Corría diciembre de 2014 y Espeche, hijo de dos médicos integrantes del PRT-ERP desaparecidos por la última dictadura, estaba a pocos metros de la boca del Pozo de Vargas, en Tafí Viejo, a pocos kilómetros de la capital tucumana.

Bajar significaba descender por un precario ascensor hasta el fondo del pozo donde un mes antes los peritos habían encontrado y logrado identificar los restos de Rafael Carlos, el padre de Ernesto, que había sido visto por última vez el 3 de abril de 1976, herido de bala o quizás ya muerto en el monte tucumano luego de caer en una emboscada de las tropas del Ejército.

Ernesto Espeche tiene 47 años, es docente universitario y doctor en Comunicación, y dice ahora que en aquel momento no pensó para decir que sí, que bajaría, y que casi como en un sueño se vio vestido con un mameluco blanco, caminar hacia la boca del pozo, subirse con el perito a un ascensor semidestartalado y empezar a bajar.

Treinta y nueve metros es la profundidad del Pozo de Vargas, un antiguo pozo de agua que lleva el nombre de los propietarios del campo donde está situado y que fue utilizado por la dictadura para desaparecer definitivamente los cadáveres de más de cien militantes durante la represión ilegal en esa zona. “Treinta y nueve metros” es también el título de la singular novela que Espeche acaba de publicar y que se desarrolla – desciende por las honduras de una búsqueda compleja e inquietante – en, también, treinta y nueve capítulos.

-Después de ese descenso y de lo que siguió, que me permitió reconstruir parte de las historias de mi padre y de mi madre que yo desconocía, por sugerencia de dos grandes amigos empecé a escribir sobre esa experiencia, para que no se perdiera.

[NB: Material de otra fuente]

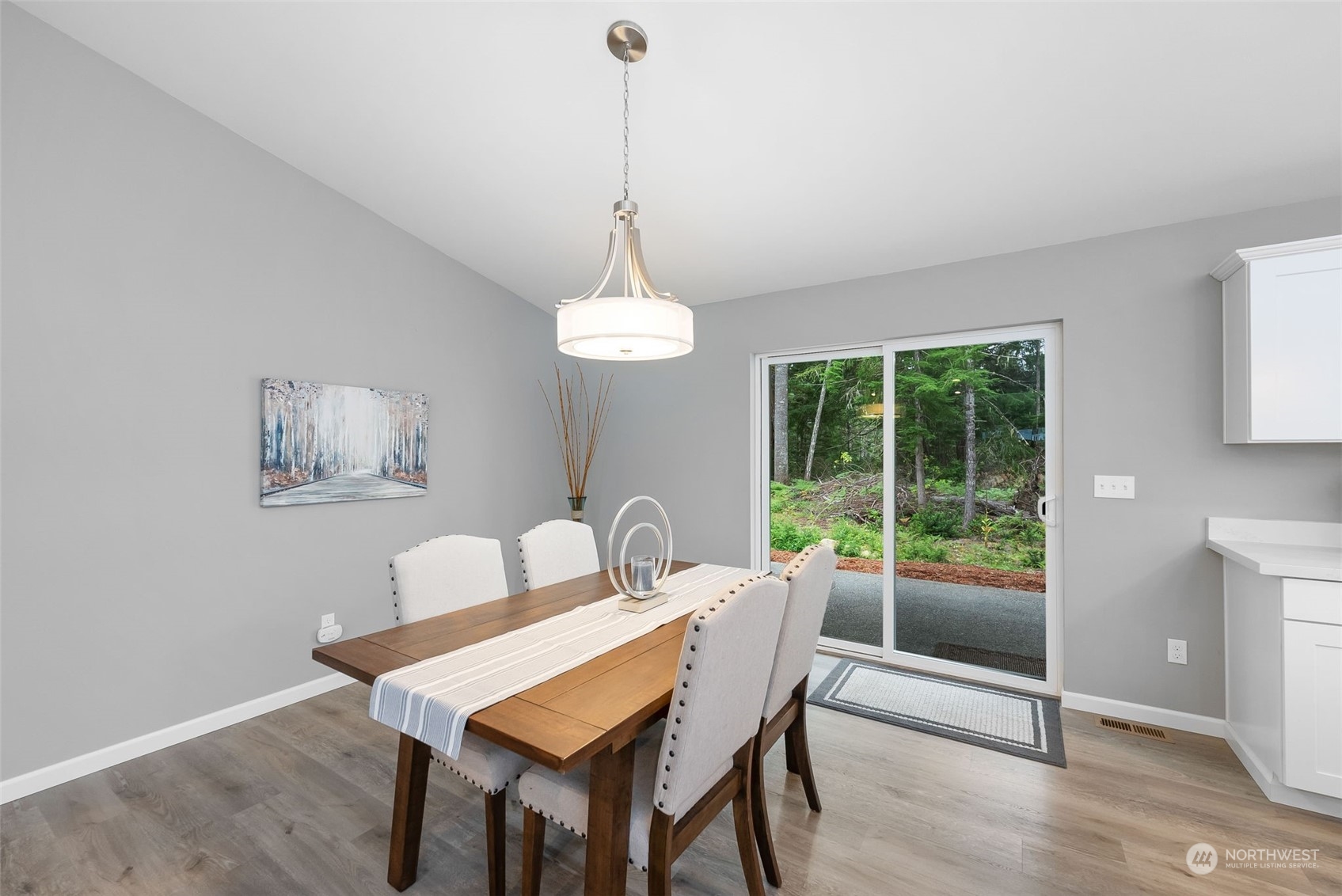 20 E Blackberry Lane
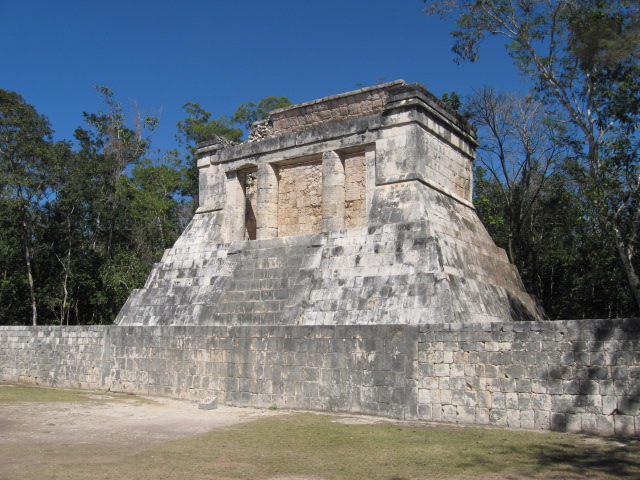 617x456 pixels (147K)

Intenté hacerlo como crónica periodística pero no pude, tampoco pude hacer un ensayo académico, ese lenguaje no me alcanzaba, se acababa. Terminó siendo una novela porque no podía ser otra cosa – le cuenta Espeche a Infobae seis años después.

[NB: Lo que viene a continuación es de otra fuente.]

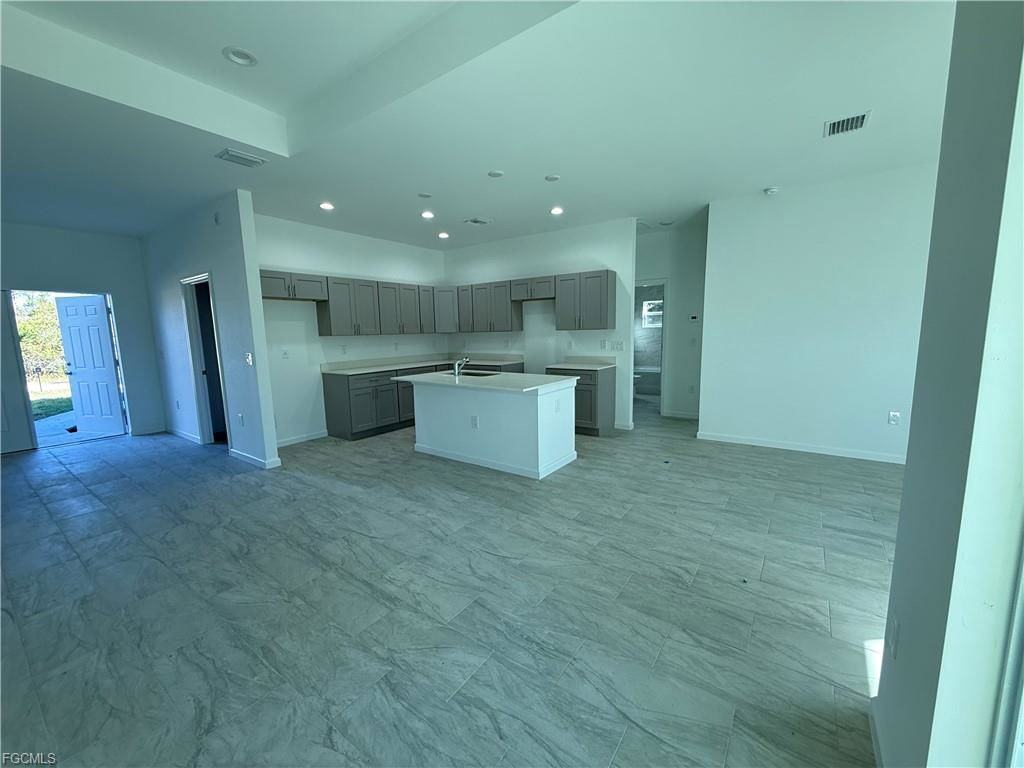 1906 Vesper Ct - Photo 4 of 8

Rafael Carlos Espeche y Mercedes Vega
Rafael Carlos Espeche y Mercedes Vega

Historia sin recuerdos

Ernesto tenía dos años la madrugada del 8 de junio de 1976 cuando un grupo de tareas irrumpió en la casa de su abuela materna, en Mendoza, donde vivía desde hacía unos meses con su madre y su hermanito Mariano, de un año, y se llevó a su madre.

Mercedes Salvador Eva Vega, la madre de Ernesto, tenía 25 años y estaba viviendo en la semiclandestinidad desde hacía tiempo. En abril le había llegado la noticia de que su marido, Rafael Carlos, integrante de la Compañía de Monte “Ramón Rosa Jiménez” del ERP había muerto en un enfrentamiento con tropas del Ejército en medio del monte.

Rafael Espeche y Mercedes Vega, en la única foto que Ernesto conserva de su madre embarazada de él, con amigos
Rafael Espeche y Mercedes Vega, en la única foto que Ernesto conserva de su madre embarazada de él, con amigos

Después de eso, no supo más de él, pero con el correr de los días empezó a correr el rumor de que no estaba muerto y que lo habían llevado herido a Mendoza. Esa “información” – falsa, probablemente echada a correr por las fuerzas represivas para obligarla a mostrarse - la hizo salir a buscarlo y eso fue fatal. La ubicaron y la secuestraron.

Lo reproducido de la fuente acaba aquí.